>>>>>

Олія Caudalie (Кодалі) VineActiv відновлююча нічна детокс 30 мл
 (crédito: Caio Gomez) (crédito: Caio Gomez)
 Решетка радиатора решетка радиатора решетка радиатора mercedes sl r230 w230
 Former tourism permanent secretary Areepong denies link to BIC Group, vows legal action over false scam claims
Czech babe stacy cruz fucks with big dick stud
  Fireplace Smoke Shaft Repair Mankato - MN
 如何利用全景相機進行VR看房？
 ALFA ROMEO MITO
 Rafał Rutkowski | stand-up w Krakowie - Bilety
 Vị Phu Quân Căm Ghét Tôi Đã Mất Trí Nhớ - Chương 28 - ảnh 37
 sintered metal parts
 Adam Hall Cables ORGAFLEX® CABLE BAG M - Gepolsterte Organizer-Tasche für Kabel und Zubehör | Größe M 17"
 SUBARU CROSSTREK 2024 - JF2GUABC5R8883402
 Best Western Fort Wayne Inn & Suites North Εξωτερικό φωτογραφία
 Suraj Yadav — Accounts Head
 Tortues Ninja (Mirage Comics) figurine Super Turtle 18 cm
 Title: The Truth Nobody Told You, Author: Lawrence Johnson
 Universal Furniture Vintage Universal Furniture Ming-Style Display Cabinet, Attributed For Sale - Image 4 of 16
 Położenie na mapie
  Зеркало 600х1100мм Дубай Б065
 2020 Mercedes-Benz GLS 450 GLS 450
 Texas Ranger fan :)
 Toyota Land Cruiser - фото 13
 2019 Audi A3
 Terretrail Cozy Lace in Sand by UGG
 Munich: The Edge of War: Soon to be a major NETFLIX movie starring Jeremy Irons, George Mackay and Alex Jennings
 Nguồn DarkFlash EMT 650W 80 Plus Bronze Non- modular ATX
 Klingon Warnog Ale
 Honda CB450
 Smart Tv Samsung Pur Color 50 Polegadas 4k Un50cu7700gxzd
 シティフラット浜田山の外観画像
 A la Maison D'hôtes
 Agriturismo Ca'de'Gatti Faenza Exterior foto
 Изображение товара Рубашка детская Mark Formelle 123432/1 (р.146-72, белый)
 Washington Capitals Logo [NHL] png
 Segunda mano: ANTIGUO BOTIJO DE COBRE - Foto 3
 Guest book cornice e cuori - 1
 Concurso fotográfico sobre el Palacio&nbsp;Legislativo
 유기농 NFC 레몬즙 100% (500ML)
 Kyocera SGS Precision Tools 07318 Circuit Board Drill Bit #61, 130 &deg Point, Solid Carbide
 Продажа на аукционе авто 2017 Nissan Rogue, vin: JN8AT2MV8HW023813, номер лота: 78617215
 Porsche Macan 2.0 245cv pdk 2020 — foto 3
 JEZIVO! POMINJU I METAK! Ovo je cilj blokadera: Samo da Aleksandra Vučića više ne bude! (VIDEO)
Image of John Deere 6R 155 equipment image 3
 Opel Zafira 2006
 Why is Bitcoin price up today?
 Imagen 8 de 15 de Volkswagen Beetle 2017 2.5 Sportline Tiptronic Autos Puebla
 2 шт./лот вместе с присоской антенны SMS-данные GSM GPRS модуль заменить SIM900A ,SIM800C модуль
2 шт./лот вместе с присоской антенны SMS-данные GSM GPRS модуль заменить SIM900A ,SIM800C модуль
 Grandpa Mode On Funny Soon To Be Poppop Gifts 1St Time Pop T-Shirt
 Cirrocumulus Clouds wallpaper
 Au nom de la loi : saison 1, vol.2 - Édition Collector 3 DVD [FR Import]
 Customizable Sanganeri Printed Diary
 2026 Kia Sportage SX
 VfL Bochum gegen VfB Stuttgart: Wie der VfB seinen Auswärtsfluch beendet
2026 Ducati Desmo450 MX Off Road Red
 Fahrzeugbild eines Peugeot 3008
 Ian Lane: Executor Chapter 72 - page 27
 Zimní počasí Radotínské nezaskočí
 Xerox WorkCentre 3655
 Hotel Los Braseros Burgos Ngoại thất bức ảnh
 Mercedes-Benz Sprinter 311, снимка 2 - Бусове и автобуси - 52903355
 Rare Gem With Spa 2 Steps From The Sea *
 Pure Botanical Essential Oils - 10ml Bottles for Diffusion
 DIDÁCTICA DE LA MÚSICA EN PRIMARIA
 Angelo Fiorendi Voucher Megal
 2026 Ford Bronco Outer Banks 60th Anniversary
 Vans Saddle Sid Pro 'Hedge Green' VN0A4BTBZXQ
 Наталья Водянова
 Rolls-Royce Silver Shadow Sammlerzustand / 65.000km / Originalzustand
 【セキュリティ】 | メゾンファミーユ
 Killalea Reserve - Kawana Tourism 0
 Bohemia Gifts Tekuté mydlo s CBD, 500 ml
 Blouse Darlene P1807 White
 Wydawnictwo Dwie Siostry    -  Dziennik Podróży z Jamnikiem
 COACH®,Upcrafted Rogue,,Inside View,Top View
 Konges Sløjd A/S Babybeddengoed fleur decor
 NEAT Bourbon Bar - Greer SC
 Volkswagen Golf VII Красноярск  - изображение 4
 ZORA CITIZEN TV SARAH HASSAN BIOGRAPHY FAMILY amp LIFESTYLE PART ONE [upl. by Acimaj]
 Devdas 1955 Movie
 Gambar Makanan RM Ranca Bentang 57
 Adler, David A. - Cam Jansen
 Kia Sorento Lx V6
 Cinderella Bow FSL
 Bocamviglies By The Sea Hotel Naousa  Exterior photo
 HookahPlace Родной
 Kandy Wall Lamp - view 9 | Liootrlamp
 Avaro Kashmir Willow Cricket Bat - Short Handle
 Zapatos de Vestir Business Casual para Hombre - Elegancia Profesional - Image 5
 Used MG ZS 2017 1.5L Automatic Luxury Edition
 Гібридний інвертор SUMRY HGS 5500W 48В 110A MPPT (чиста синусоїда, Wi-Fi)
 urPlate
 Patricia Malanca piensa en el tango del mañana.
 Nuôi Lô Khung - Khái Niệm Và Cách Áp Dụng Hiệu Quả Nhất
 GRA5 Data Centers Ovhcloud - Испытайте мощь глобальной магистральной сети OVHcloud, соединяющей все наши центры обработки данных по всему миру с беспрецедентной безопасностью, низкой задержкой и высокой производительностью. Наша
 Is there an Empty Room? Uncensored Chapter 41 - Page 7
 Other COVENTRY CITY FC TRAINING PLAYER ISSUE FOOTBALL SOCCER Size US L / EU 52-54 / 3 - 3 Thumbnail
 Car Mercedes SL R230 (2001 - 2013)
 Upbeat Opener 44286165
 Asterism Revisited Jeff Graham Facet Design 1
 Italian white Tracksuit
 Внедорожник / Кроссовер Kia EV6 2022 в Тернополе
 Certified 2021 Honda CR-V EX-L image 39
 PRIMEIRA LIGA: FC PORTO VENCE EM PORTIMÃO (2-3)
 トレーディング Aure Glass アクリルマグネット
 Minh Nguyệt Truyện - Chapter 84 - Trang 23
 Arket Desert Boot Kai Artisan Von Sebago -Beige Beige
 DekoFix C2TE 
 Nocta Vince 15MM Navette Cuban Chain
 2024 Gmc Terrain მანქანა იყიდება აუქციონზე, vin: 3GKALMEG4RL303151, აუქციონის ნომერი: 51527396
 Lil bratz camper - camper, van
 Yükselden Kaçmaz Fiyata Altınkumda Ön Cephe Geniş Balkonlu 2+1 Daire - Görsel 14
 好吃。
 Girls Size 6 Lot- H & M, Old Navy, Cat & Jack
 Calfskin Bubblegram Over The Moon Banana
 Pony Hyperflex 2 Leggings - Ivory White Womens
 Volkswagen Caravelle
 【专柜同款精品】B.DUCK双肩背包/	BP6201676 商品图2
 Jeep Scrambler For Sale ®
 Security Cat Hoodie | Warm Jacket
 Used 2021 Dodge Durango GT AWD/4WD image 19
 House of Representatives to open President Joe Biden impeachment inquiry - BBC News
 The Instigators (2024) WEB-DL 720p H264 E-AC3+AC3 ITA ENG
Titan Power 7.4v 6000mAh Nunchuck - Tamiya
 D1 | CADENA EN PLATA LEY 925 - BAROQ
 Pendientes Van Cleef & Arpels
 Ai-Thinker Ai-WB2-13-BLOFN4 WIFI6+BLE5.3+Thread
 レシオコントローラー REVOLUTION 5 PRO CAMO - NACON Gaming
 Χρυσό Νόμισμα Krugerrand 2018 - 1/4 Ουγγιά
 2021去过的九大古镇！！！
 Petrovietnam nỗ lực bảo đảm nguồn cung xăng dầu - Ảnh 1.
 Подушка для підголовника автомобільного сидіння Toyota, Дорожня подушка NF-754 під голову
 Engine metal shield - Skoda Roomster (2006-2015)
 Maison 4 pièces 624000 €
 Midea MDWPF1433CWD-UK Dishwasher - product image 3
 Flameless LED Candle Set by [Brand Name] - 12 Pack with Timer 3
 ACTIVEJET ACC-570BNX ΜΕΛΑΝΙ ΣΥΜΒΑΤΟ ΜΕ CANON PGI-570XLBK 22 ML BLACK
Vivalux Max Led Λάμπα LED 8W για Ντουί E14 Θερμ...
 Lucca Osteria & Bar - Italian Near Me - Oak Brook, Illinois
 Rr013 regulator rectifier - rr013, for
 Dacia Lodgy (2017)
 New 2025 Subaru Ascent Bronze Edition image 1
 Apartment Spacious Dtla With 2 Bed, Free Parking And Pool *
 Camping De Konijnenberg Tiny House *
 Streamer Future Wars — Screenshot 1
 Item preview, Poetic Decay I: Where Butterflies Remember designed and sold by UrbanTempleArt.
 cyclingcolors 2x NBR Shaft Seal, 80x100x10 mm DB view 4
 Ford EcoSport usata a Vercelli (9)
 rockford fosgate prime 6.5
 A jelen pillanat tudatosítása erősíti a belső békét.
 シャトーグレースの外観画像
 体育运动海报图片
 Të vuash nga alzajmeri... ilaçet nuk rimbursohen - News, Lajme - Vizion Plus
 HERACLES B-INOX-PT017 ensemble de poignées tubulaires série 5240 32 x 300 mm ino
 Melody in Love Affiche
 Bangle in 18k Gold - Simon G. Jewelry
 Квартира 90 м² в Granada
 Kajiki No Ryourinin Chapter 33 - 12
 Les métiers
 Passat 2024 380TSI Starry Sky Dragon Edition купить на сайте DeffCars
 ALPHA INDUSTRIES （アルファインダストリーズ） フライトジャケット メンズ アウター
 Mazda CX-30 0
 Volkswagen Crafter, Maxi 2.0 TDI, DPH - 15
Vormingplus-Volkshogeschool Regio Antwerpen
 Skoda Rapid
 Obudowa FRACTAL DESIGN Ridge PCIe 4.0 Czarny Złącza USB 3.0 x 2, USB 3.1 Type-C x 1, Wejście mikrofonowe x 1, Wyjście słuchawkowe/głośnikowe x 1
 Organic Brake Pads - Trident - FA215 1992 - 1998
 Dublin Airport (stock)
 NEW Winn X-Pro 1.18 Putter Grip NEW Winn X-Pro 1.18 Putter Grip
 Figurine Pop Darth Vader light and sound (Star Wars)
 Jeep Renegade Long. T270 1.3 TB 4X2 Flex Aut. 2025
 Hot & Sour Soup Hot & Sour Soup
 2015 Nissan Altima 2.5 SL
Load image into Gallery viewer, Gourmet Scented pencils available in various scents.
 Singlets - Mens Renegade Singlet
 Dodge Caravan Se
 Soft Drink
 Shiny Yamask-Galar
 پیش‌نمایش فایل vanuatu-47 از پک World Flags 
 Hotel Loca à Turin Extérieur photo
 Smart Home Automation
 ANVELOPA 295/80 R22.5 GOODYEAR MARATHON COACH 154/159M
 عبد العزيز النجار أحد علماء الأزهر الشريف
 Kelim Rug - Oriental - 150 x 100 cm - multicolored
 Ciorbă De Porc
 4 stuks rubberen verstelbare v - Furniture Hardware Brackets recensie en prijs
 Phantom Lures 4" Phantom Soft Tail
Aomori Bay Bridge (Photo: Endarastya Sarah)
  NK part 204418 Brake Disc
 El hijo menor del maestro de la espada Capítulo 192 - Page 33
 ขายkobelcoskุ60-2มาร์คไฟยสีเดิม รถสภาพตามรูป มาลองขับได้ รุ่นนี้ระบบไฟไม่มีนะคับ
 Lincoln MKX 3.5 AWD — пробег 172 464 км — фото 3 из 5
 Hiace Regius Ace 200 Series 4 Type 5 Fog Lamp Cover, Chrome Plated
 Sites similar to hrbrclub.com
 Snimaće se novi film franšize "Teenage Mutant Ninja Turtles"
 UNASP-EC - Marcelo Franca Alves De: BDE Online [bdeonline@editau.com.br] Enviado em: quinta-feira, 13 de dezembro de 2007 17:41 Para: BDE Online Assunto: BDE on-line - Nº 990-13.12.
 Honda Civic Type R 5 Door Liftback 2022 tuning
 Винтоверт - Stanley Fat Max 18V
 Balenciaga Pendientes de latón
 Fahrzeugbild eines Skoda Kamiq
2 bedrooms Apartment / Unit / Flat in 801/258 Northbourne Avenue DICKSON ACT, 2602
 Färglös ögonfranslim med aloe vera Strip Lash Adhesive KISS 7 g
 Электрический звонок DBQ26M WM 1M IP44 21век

<<<<<

=== Instructions to follow ===
Your answer must be the lines above from the one containing "Honda CB450" to the one containing "Guest book cornice e cuori - 1", both included, restated word for word.

=== Response below ===
 Honda CB450
 Smart Tv Samsung Pur Color 50 Polegadas 4k Un50cu7700gxzd
 シティフラット浜田山の外観画像
 A la Maison D'hôtes
 Agriturismo Ca'de'Gatti Faenza Exterior foto
 Изображение товара Рубашка детская Mark Formelle 123432/1 (р.146-72, белый)
 Washington Capitals Logo [NHL] png
 Segunda mano: ANTIGUO BOTIJO DE COBRE - Foto 3
 Guest book cornice e cuori - 1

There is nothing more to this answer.